Hw #5: Strings and trees

Back to the IST380 homepage

HW 5 ~ due Tuesday, Mar. 12, 2013


(linked!)    Here are the in-class examples to make it easy to follow along...

In particular, after each comment is a block of examples -- you'll be able to copy-and-paste those into R's console in order to run them. You may need to install packages as they appear, but this hasn't caused a problem so far... .

As usual, for this assignment, please submit a zipped folder named that contains a few files: one named pr1.txt that includes your interactive session (or history) working through chapter 12 of the Data Science book. (String-processing to analyze Tweets)
Here is a full list of the files, including some extra-credit options:

  1. pr1.txt should be your history (or console) interactions for the book's Chapter 12. This adds string-processing to your modeling of Twitter feeds -- including extracting retweets, URLs and (optionally) hashtags.

    In addition, please include a file named pr1.R, which should have your definition for an R function named retweeters, which should take in a data frame of Tweets as input and it should output a list of unique source names of retweeted messages. This is the "challenge" posed at the end of the chapter.

    [Optional] If you'd like to try the suggestion extension at the end of the chapter, you're welcome to! It's totally optional and is worth up to +5 points of extra credit. It's to write a function, call it hashes, that takes in a dataframe of Tweets and returns a list of all of the unique hashtags found in those Tweets, along with the number of times each one was found. This can be a list of two vectors or, perhaps more naturally, a data frame as a result.

  2. For problem 2, you will want to return to the Titanic-survivor dataset of a few weeks ago. It is linked here in train742.csv. For this week's assignment, however, you should use R's tree package to create a tree-based predictive model in pr2.R for whether or not a passenger would have survived the sinking of the Titanic. You should include an R file that contains your model, along with a pr2.txt or pr2.doc file that describes how you arrived at your model.
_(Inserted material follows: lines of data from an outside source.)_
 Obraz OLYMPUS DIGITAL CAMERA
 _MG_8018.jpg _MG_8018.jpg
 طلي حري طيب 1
    Your analysis should include some of the important facets we touched on in week 5's class, including
    • a tree that is based on a subset of the Titanic variables (you may use them all or you may cull them away or convert them to a more suitable form)
    • your tree should be checked by cross-validation in order to determine how many leaves it could usefully have in order to void overfitting the data
    • your tree should be pruned to the size you choose (based on the cross-validation analysis)
    • You should include a table of how many of the 742 test observations are correctly (and incorrectly) classified by the tree
    • We will run your tree on both that test data and some additional training data that's not included in the test set... .
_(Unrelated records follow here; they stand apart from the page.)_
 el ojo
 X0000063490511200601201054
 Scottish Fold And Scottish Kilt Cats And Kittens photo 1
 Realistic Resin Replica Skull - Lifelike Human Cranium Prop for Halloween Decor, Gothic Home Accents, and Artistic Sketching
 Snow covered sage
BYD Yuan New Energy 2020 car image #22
  3. [Optional]   The third problem this week is also entirely optional (and worth up to +5 points of extra-credit, similar to the hashes function). It is to build a logistic regression model based on the Titanic-survival dataset that results in another predictor for Titanic survival.

    My hunch is that the tree-based models will work better than the logistic regression, but we'll see if that's really true. Plus, there is certainly no requirement that your logistic model work better than the tree-based models (but it should work better than pure chance!)